Tony Storm after winning the CEW Championship Belt.

Oskaloosa, Iowa – The dust is beginning to settle from Central Empire Wrestling’s event this past weekend at Nelson Pioneer Farm.

The main event between Tony Storm and Rory Fox was certainly the highlight for many fans in attendance.

Both professionals arrived in the ring from different paths. Fox gained notoriety on MTV’s True Life as he pursued his dream to become a professional wrestler.

 

Fox now travels the midwest bringing his bad boy persona to life several nights a week.

Storm has his wrestling connection grounded in Oskaloosa, but he’s since flourished in other areas in the southeastern part of the country.

“I never intended for this to happen. I never intended for the whole professional wrestler, on the road every weekend, taking calls from other states, getting emails from other promotions all the way across the country,” said Storm. “I was 23 or 24 when this whole thing started and what happened was I was already in a position where most people consider starting their real life. I had a full-time job, I just finished my bachelor’s degree, and I was working on my masters, but I had a colleague, an acquaintance at the time, who then became a really good friend.

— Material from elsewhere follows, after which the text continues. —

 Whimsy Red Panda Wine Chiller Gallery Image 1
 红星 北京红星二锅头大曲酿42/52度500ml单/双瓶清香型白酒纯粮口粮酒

Austin Bayliss, the owner of Central Empire Wrestling, would visit Storm about becoming a wrestler. “He would continuously come to my office and say “Hey Tony, I see you sitting in the front row at CEW.” He’s like “You’ve got such a great build, such a great look, I think you could be part of the roster. I think you could make something happen, and I would love to train you.”

Tony Storm as a CEW fan back in 2010. Storm is seen doing a thumbs up just before a match starts.

Tony Storm as a CEW fan back in 2010. Storm is seen doing a thumbs up just before a match starts.

Storms response was, “Nah, I don’t know anything about that, that’s not my life, you know I’m content where I’m at.”

“For about once a week, for about 8 or 9 weeks, Austin would come by and would pitch this same idea of me coming to training.”

Tony would tell Austin, “You know it’s not for me, I enjoy watching, and I enjoy being a fan.”

“I think that, what I just said a moment ago, is when I realized the problem was… is I was content. I’m 24 years old, and I’m not doing anything anymore,” explained Storm. “I come from a background of being a high school football player, a collegiate football player. You know, into different recreational activities.”

“So I’ve always been active and done things, but at 24, being fresh out of school and into my first real job, I didn’t have any outlook. So I took him [Austin] up on his offer, and we started to train down in Wellman, Iowa, and it went well. I picked it up quickly. I want to say within 3 or 4 months I was ready for my first match. One thing led to another, and the match went well. The next match went well; the next match went well. I found myself in a position to do a show at the Penn Activity Center at William Penn where I was working at that moment. I joined on with The Masters of Mayhem, and they were the top group in CEW at the time. The next thing you know, I’m right there in the mix with guys like Tim Rhodes, Mic Mayhem, and Brian Gott. At that moment we just started to run roughshod all over CEW, and Tim and I became the CEW tag team champions.”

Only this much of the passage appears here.